### How to complete this task:
Could you repeat the entries below exactly, but only from the line with "this 500×647 image." through the line with "this 1024×682 image.", and without any picture?

### Record excerpts:
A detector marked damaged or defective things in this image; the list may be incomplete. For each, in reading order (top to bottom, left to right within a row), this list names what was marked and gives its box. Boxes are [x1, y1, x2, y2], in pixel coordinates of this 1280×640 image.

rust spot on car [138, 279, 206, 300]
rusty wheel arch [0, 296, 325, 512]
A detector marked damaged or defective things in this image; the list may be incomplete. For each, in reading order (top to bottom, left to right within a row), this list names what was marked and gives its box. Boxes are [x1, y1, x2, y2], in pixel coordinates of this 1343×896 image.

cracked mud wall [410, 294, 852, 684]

--

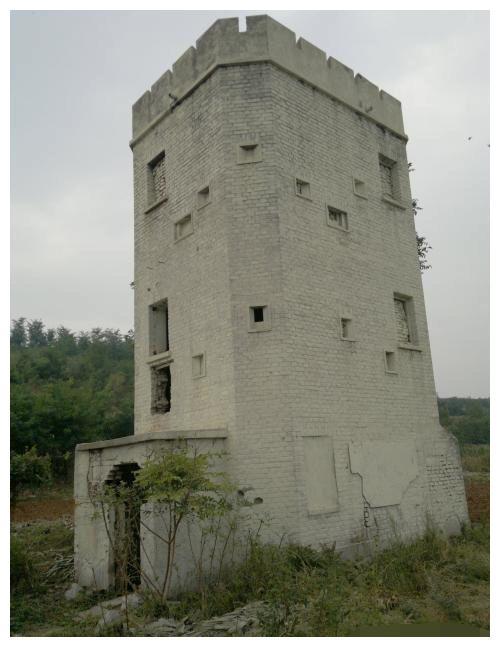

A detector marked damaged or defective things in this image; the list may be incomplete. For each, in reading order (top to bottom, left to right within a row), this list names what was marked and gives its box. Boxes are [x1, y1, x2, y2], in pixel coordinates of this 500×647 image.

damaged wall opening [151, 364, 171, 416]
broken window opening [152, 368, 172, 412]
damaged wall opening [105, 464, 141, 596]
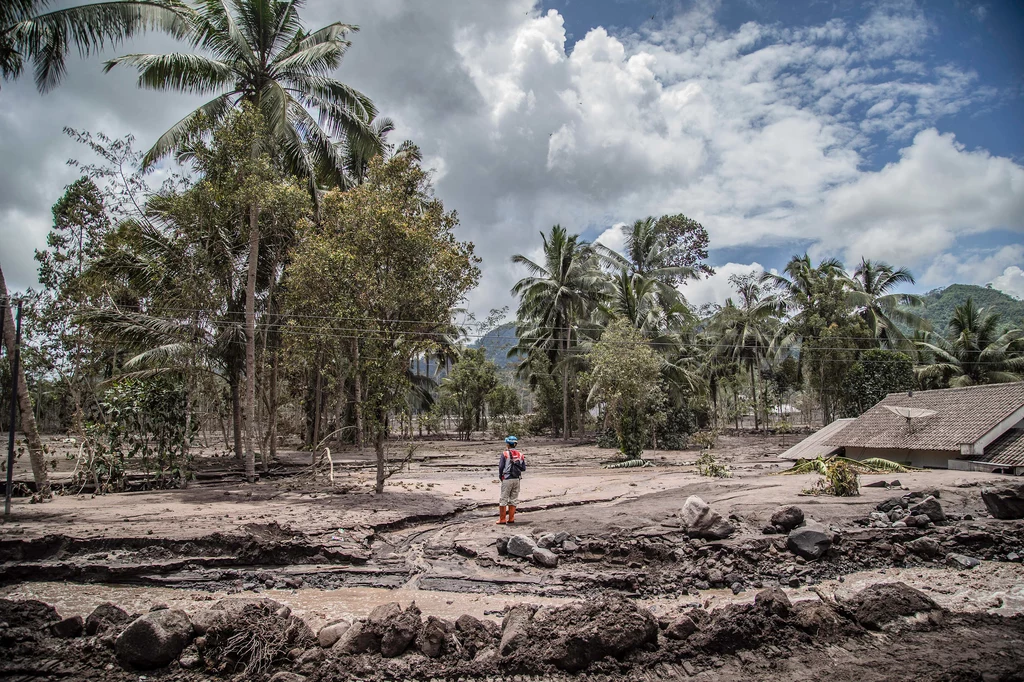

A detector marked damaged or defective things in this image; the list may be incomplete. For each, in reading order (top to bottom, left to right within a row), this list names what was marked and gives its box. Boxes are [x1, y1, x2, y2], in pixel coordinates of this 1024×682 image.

---

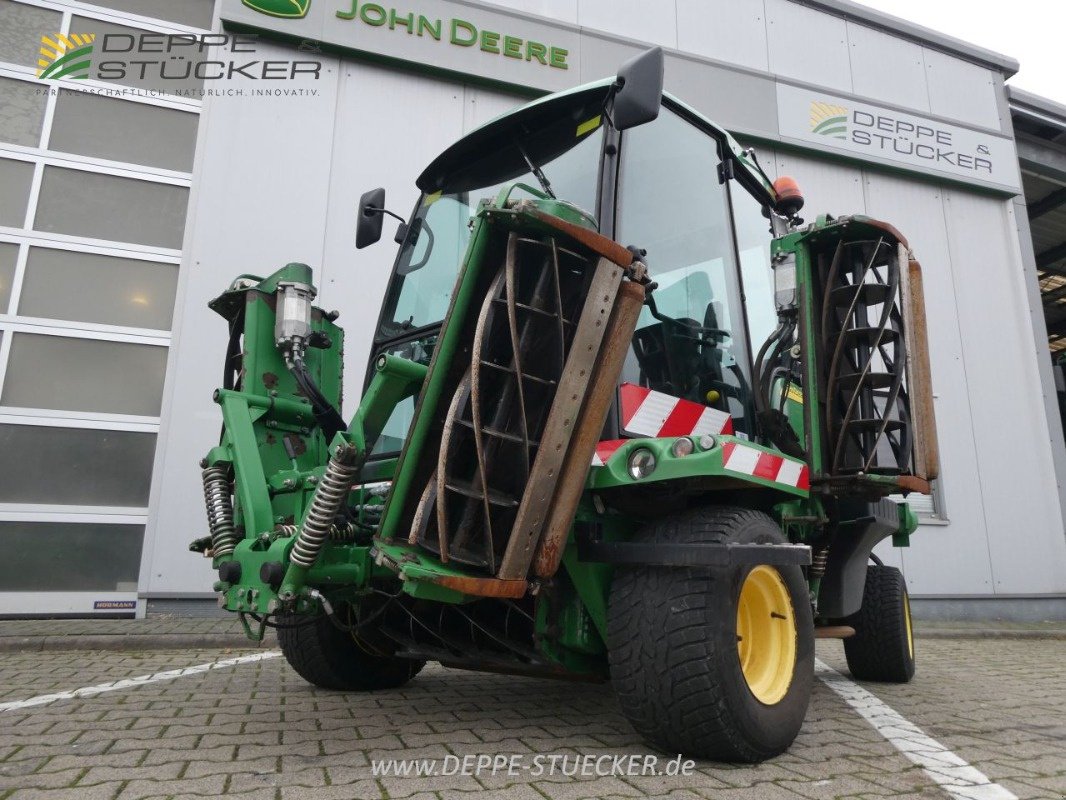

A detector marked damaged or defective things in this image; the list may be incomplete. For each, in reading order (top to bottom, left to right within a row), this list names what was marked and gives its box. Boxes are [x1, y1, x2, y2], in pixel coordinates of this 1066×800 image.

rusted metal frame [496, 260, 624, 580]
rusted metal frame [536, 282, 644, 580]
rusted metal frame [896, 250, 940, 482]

### Result for this exercise:
A detector marked damaged or defective things in this image; the list may be incomplete. For each, in reading order (top to bottom, left to right within a row), this list names what was marked and gives its box. Boxes are [x1, y1, x2, y2], in pixel coordinates of this 500×647 image.

damaged wall opening [151, 364, 171, 416]
broken window opening [152, 368, 172, 412]
damaged wall opening [105, 464, 141, 596]

A detector marked damaged or defective things in this image; the list may be incomplete. For each, in reading order (top to bottom, left to right within a row), this list names what was marked and gives its box. Boxes are [x1, y1, x2, y2], in pixel coordinates of this 1024×682 image.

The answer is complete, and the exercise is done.